(What to do): Your answer must be the records below repeated word for word, with no pictures in it.

Data records
========================

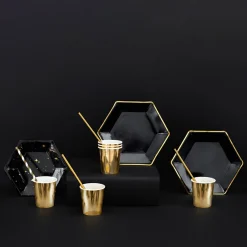 PARTYDECO Komplet Talerzy Black Papierowych 6 Szt. Fi 23 Cm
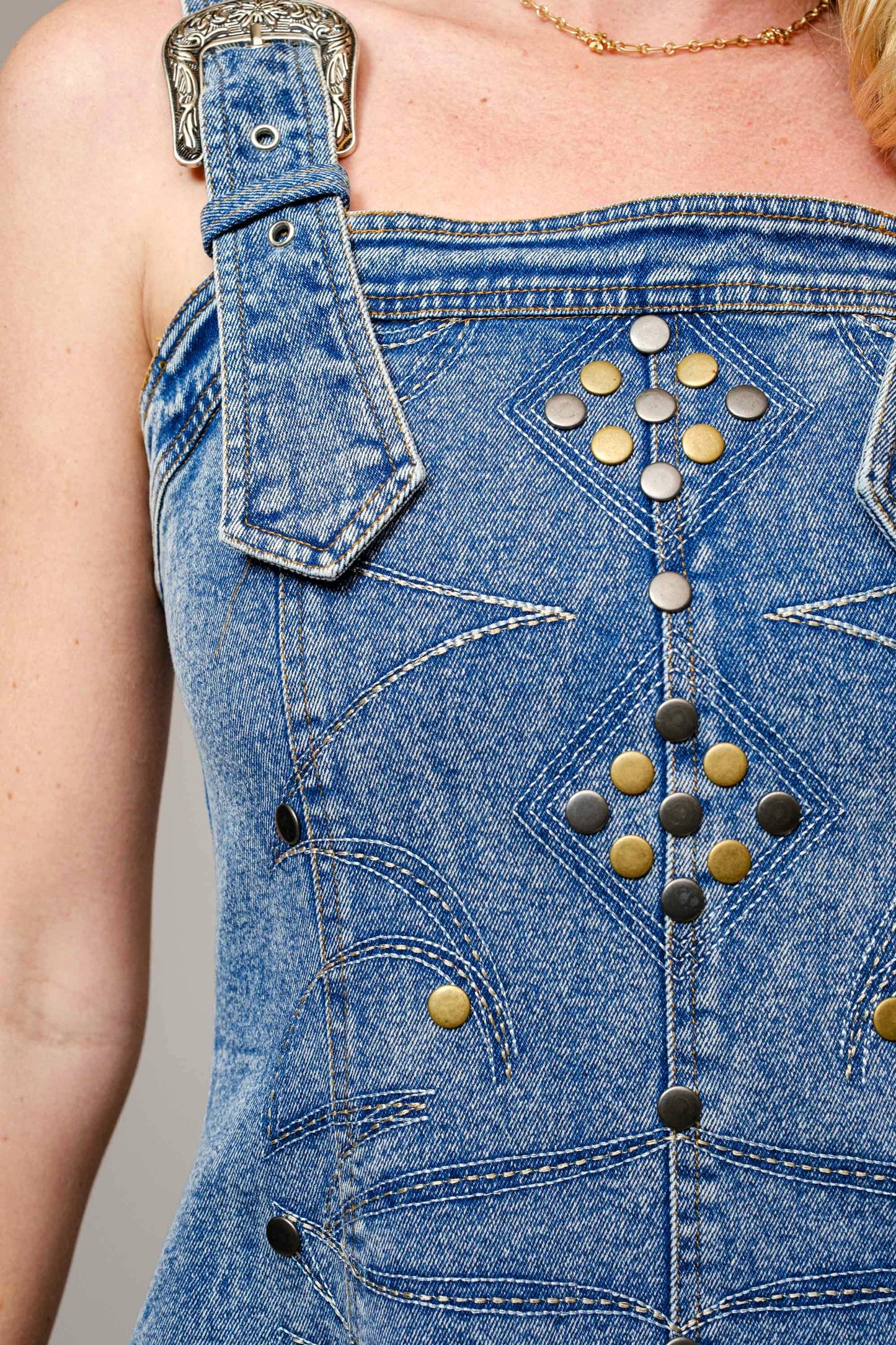 Blue B - 23466D - Studded Western Buckle Stretch Denim Dress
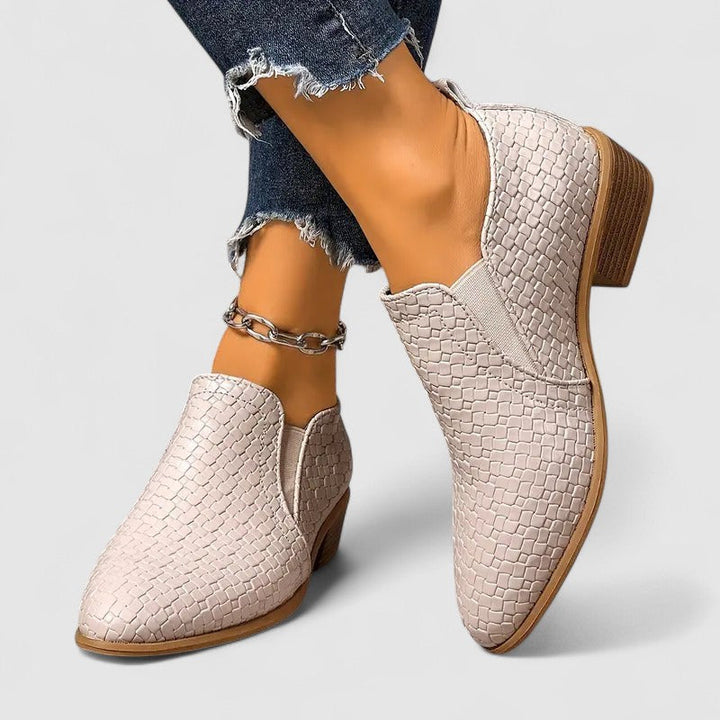 Damen loafers Kroko-Optik Blockabsatz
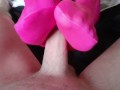 Laura XXX model 2021 footjob on pink nylon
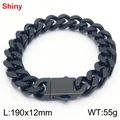 Black stainless steel Cuban link bracelet for men with square clasp, 12mm wide - Black Plated (KB188116-Z)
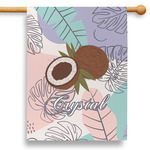 Coconut and Leaves 28" House Flag (Personalized)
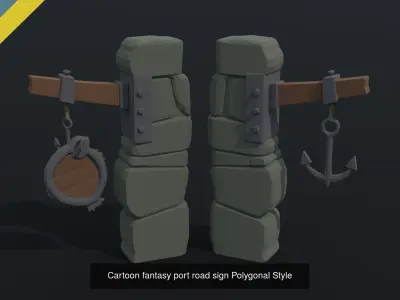 Cartoon fantasy road signs Polygonal Style 3D Model Collection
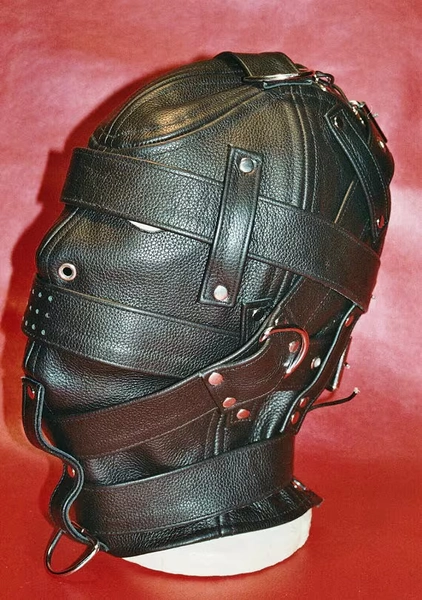 MATURE Leather Hood, Leather Sensory Deprivation Hood, Black, Cosplay 3305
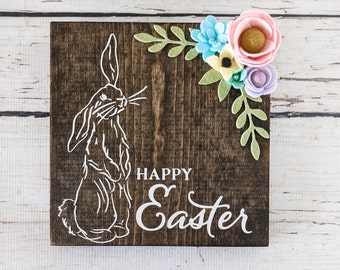 Happy Easter Bunny sign with felt flowers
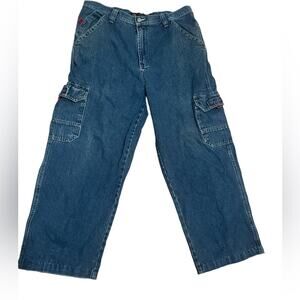 Vtg 90s Faded Glory Straight Leg Relaxed High Rise Cargo Denim Jeans 36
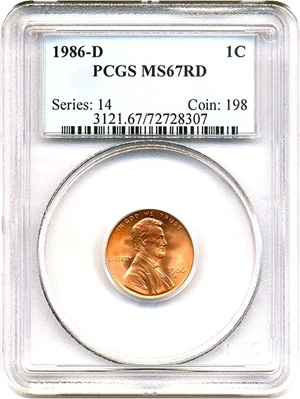 image for: 1986-D 1c PCGS MS67 RD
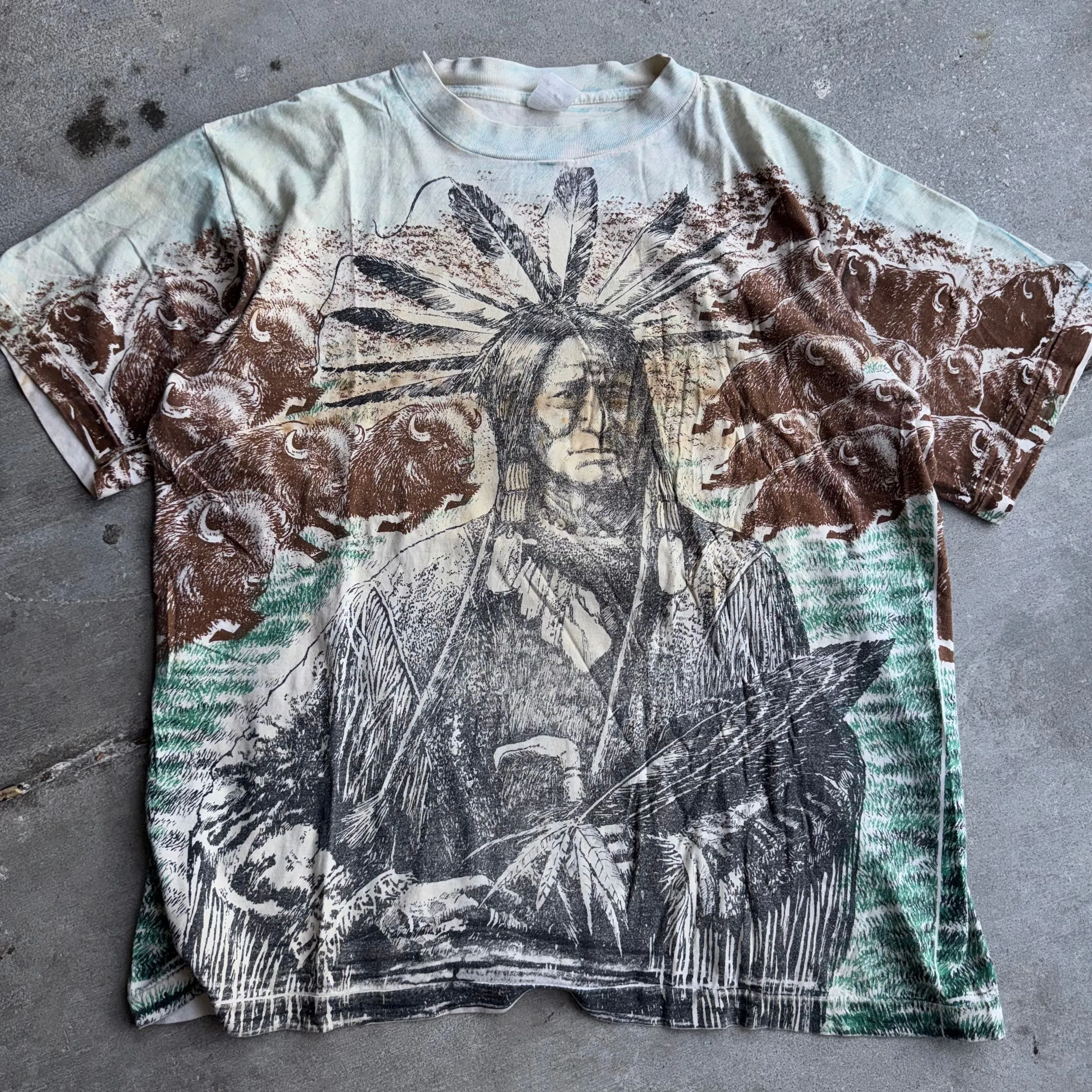 Product image for #16 Native American 90s Vintage Art AOP Graphic T-Shirt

========================

(Written response):
 PARTYDECO Komplet Talerzy Black Papierowych 6 Szt. Fi 23 Cm
 Blue B - 23466D - Studded Western Buckle Stretch Denim Dress
 Damen loafers Kroko-Optik Blockabsatz
 Laura XXX model 2021 footjob on pink nylon
 Black stainless steel Cuban link bracelet for men with square clasp, 12mm wide - Black Plated (KB188116-Z)
 Coconut and Leaves 28" House Flag (Personalized)
 Cartoon fantasy road signs Polygonal Style 3D Model Collection
 MATURE Leather Hood, Leather Sensory Deprivation Hood, Black, Cosplay 3305
 Happy Easter Bunny sign with felt flowers
 Vtg 90s Faded Glory Straight Leg Relaxed High Rise Cargo Denim Jeans 36
 image for: 1986-D 1c PCGS MS67 RD
 Product image for #16 Native American 90s Vintage Art AOP Graphic T-Shirt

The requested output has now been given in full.